Contudo, é verdade que, na oralidade, a conjunção nem sempre é audível ou articulada, por fenómenos fonéticos característicos do português de Portugal que não estão totalmente esclarecidos. Parecem estes relacionar-se com a estabilidade do segmento [i] quando se encontra em posição átona numa unidade prosódica como é o caso de um numeral composto. Assim:
1. Em casos como os de «duzentos cinquenta», «trezentos e cinquenta», etc., ou seja, apenas antes de cinquenta, terá de se atender ao contexto fonético. A conjunção e ocorre entre o morfema de plural {-s}, geralmente chiado no padrão europeu (tem outras realizações fonética), e uma fricativa pré-dorsodental – [s]; observa-se ainda que está numa sílaba átona antes de uma sílaba também átona em que figura um [i] oral ou nasal (cinquenta). Sendo assim, se a pronúncia-padrão tiver precedência histórica, poderá supor-se que a conjunção passou a pronunciar-se como o e mudo de se (símbolo fonético: [ɨ]), tal como acontece com o primeiro i de Filipe – "Felipe", a soar "Flipe" - ou com o de privilégio – a soar "previlégio" – e o segundo i de privilegiado (que soa "priveligiado"), ou, ainda, no português não padrão, de cilindro – "celindro", a soar "slindro".
É também possível que o morfema {-s} em contacto com a conjunção já se tenha articulado como o j de já (símbolo fonético: [ʒ]), uma fricativa pré-palatal vozeada, para depois se tornar a consoante surda correspondente – [ʃ] – por assimilação ao [s] surdo de cinquenta, ao que se seguiu finalmente uma assimilação e simplificação da sequência [ʃs]. Nestas condições, é possível supor a seguinte sequência de transformações:
1. duzentos e cinquenta [duzẽtuzisĩ'kwẽtɐ] > "duzentujecinquenta" [duzẽtuʒɨsĩ'kwẽtɐ] > "duzentuchinquenta" [duzẽtuʃĩ'kwẽtɐ]
O que se apresenta acima é mera hipótese, que se propõe sem que, na elaboração desta resposta, se tenham encontrado estudos que a reforcem ou a invalidem.

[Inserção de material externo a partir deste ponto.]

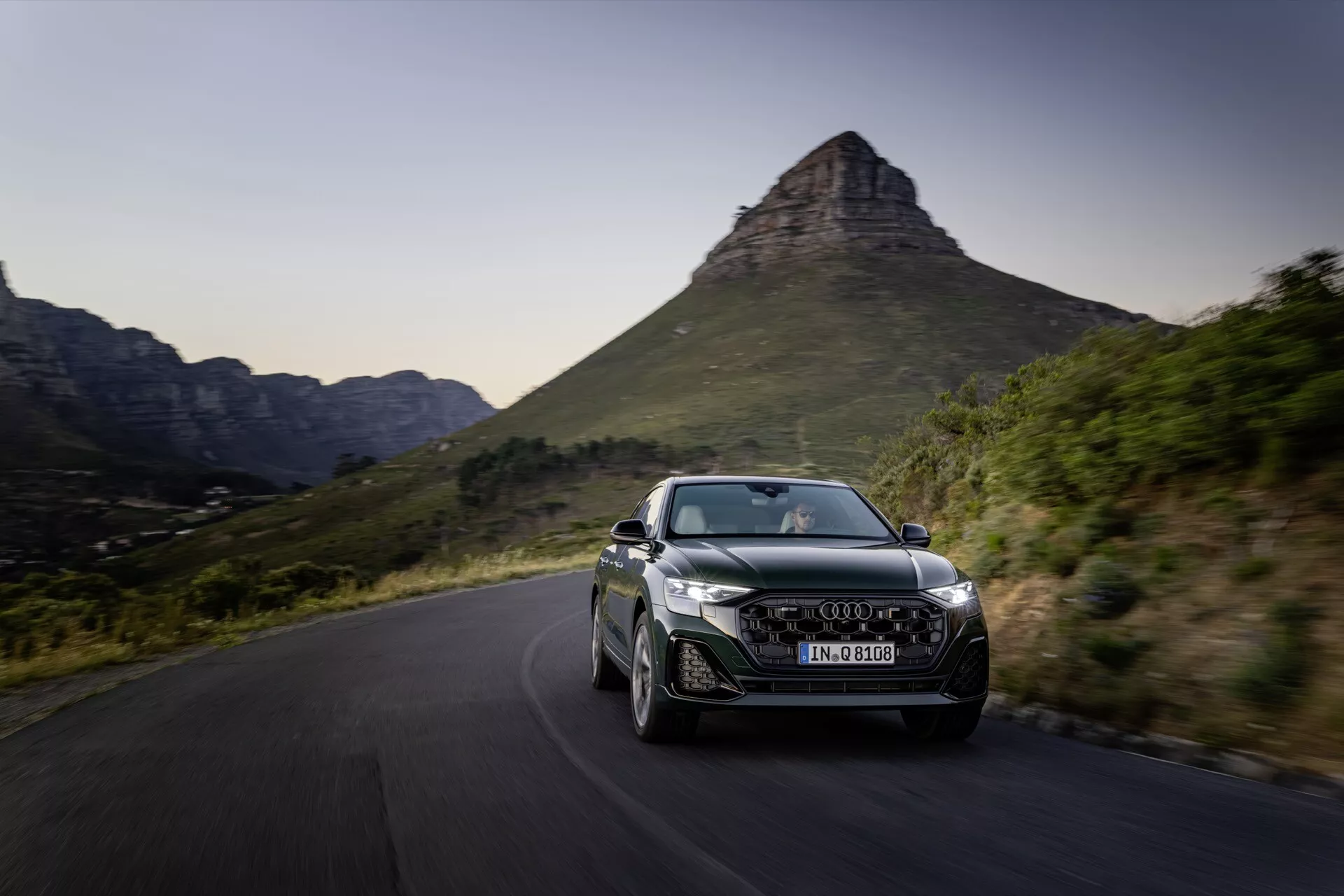 Audi Q8 2023 (4M-Facelift) v dinamičnem gibanju na slikoviti vijugasti cesti, ki prikazuje svojo aerodinamično obliko, LED žaromete, značilna lita kolesa in integrirane zračne reže proti idilični gorski kulisi v poznem popoldnevu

2. Quanto a «vint'cinco», «vint'seis» e «vint'sete», em lugar, respetivamente, de «vinte e cinco», «vinte e seis» e «vinte e sete», trata-se de uma pronúncia bastante antiga, como se pode confirmar pelo facto de se encontrar comentada, pelo menos, desde os anos cinquenta do século passado (cf. Vasco Botelho de Amaral, Grande Dicionário de Dificuldades e Subtilezas do Idioma Português). O caso de «vinte e cinco» poderá explicar-se mais uma vez por tendências dissimilatórias (uma vogal diferencia-se do seu contexto vocálico) que se exercem numa sequência de sílabas que têm por núcleo a vogal [i] (oral ou nasal) – cf. o caso de privilegiado, mencionado acima (ë é aqui empregado para representar o e mudo ou neutro da preposição de, na pronúncia-padrão de Portugal):
2. vinte e cinco (ou seja, "vint'e cinco") [vĩti'sĩ'ku] > "vinte ë cinco" [vĩtɨ'sĩ'ku] > "vintsinco" [vĩ'tsĩ'ku]
Os casos de «vinte e seis» e «vinte e sete» parecem divergir um pouco de «vinte e cinco», uma vez que a conjunção ocorre antes do ditongo ei de seis e do e aberto de sete. No entanto, podem identificar-se palavras em que, numa sequência de [i] nasal em posição inicial e [i] átono em posição medial, este último passa ao e mudo que se representa em 3:
3. incinerar: padrão [ĩsinɨ'ɾaɾ]; não padrão [ĩsɨnɨ'ɾaɾ]
Talvez os casos de «vinte e seis» ("vint'e seis": [vĩti'sɐjʃ]) e «vinte e sete» ("vint'e sete": [vĩti'sɛtɨ]) tenham que ver com esta tendência, a que acresce o facto de seis e sete começarem pelo mesmo segmento fónico que cinco - [s] - na maior parte dos dialetos portugueses. Este segmento pode também ter contribuído para «vinte e seis» e «vinte e sete» se comportarem por analogia com «vinte e cinco».
Estamos, portanto, em pleno domínio dos estudos da variação linguística.